### What you should do
Could you retype the whole listing word for word and drop the images?

### Available data
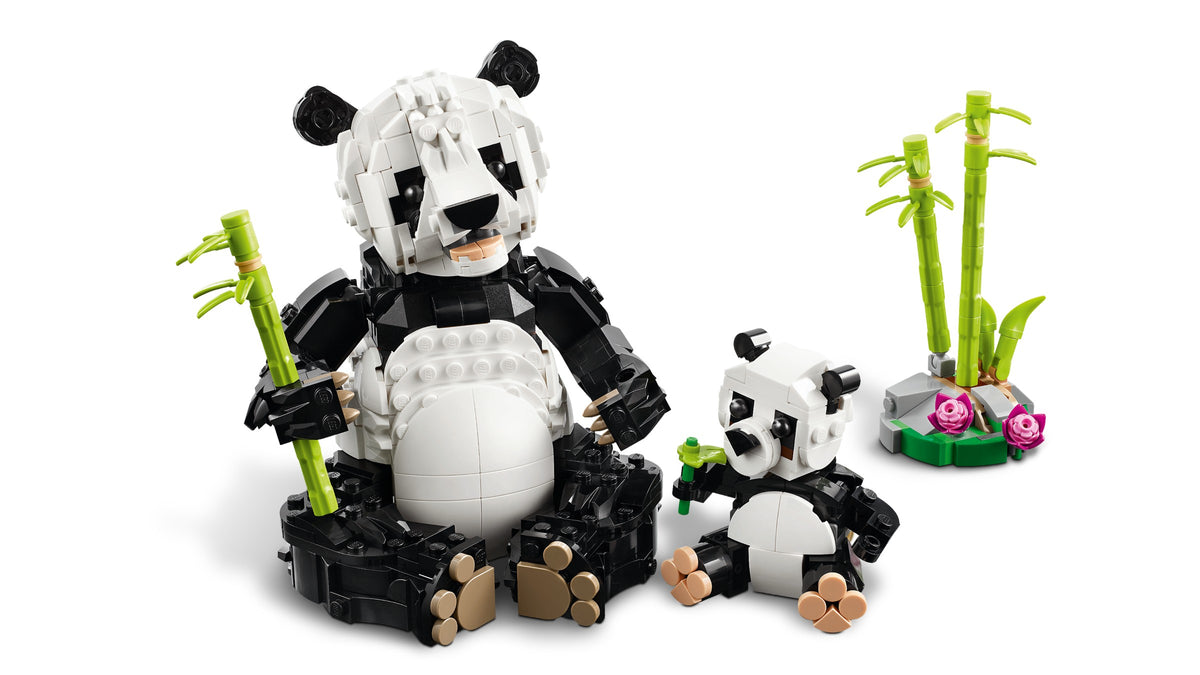 LEGO Creator 3-in-1 Wild Animals: Panda Family (31165) detail view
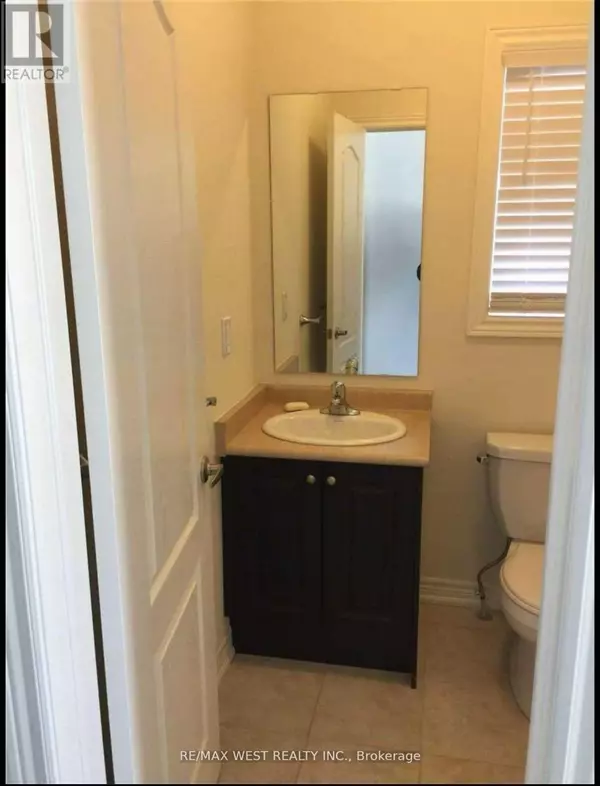 Oakville (jm Joshua Meadows), ON L6H0S4,3052 MAX KHAN BOULEVARD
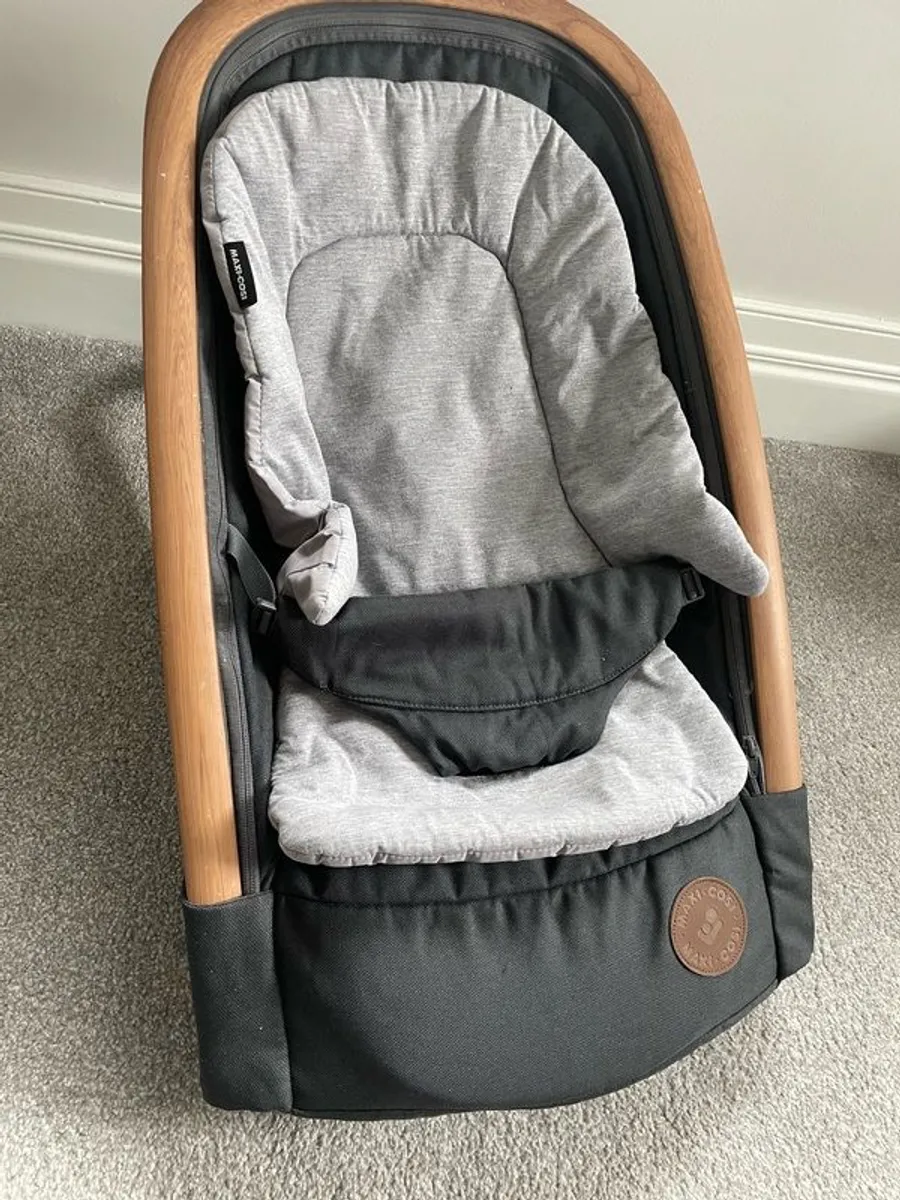 baby cot, baby seat and next to me crib - Image 2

### Reply
 LEGO Creator 3-in-1 Wild Animals: Panda Family (31165) detail view
 Oakville (jm Joshua Meadows), ON L6H0S4,3052 MAX KHAN BOULEVARD
 baby cot, baby seat and next to me crib - Image 2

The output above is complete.